The shop was empty. I glanced back at the door and saw the sign – Open . Oh dear, the other side must have said Closed . But the door had been unlocked, and I needed Mum’s brooch.
‘Grace!’ I called.
No answer. A distinct clunk came from the door. I jumped. It had sounded like something locking. I gave the door a shove. It didn’t move. I twisted the handle and rattled the door, a feeling of unease squirming inside me. I was locked in.
‘Grace?’ I tried to keep my voice calm.
I could hear a ticking noise, like a loud clock. I was sure there hadn’t been any ticking when I’d first walked in. It had started when the door clunked and locked. I told myself to think calmly. There had to be an innocent explanation.
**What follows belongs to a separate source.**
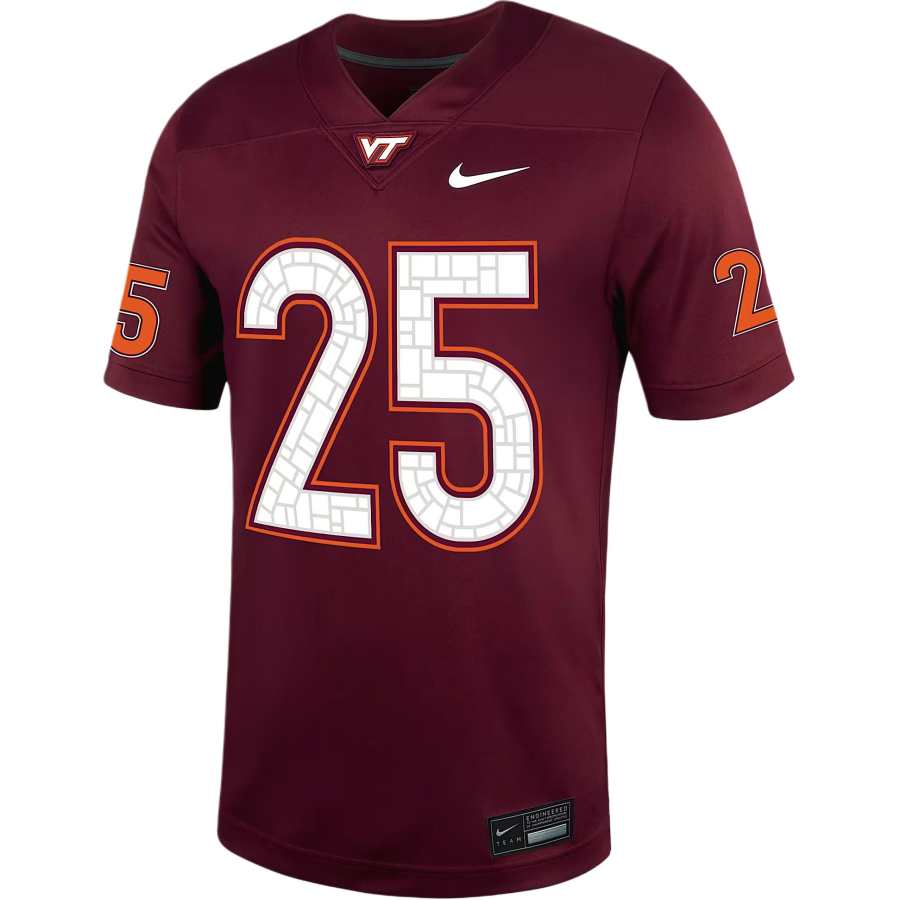 Nike Nike Virginia Tech Men's Nike College Football Replica Jersey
I looked around the small shop. Glass cabinets were filled with standard fare – watches and so on – but one cabinet caught my eye. It seemed to glow. Inside were pendants and bracelets made from a precious stone I didn’t recognise. It had a kind of magical luminance – colours swirling and mixing and seeming to change before my eyes. A top shelf contained pale, bright pieces and a lower shelf darker pieces, both beautiful.
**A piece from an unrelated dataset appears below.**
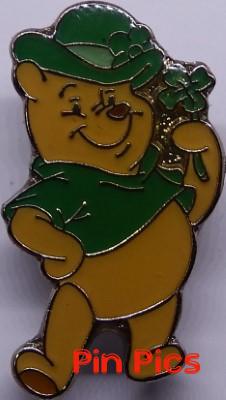 JDS - Pooh - St Patricks Day - Through the Holidays - From a Mini 8 Pin Set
Where was Grace? The hairs on my arms pricked and I remembered there was a murderer somewhere in this unlikely community.
I noticed a door at the back of the shop, behind the till. I walked round and pushed it. It resisted, then swung open with a creak to reveal a small workshop. I stepped in, trying to avoid knocking over any of the vats of noxious-looking chemicals. The air was thick with the smell of burning metal.
Grace was hunched over soldering equipment. She looked up and her soldering iron fell and clanged on the floor.
‘The door was open,’ I said. ‘But then it locked me in.’
‘Oh, I’m so sorry!’ Grace stooped and retrieved the soldering iron. ‘I set it to lock at five. My assistant must have left early.’
‘Yes, there was no one around. Aren’t you worried about leaving the shop unattended?’
‘God wouldn’t let me be burgled.’
I replayed the words in my mind, trying to work out if I’d misheard. I hadn’t noticed God taking a hands-on role in crime prevention in the area.
‘And the cabinets are electrified after five,’ Grace said.
‘Electrified?’ I said weakly. Obviously God wasn’t quite up to the job on his own.
‘Yes. With a simple electric fence set-up.’
I remembered the clicking I’d heard in the shop. ‘That sounds dangerous.’
‘Oh no, it’s quite safe. It’s high voltage but the pulse duration is short, so the energy transmitted is low. Like a fence for horses.’ She put down the soldering iron and led me back into the shop. The clicking sounded more ominous now.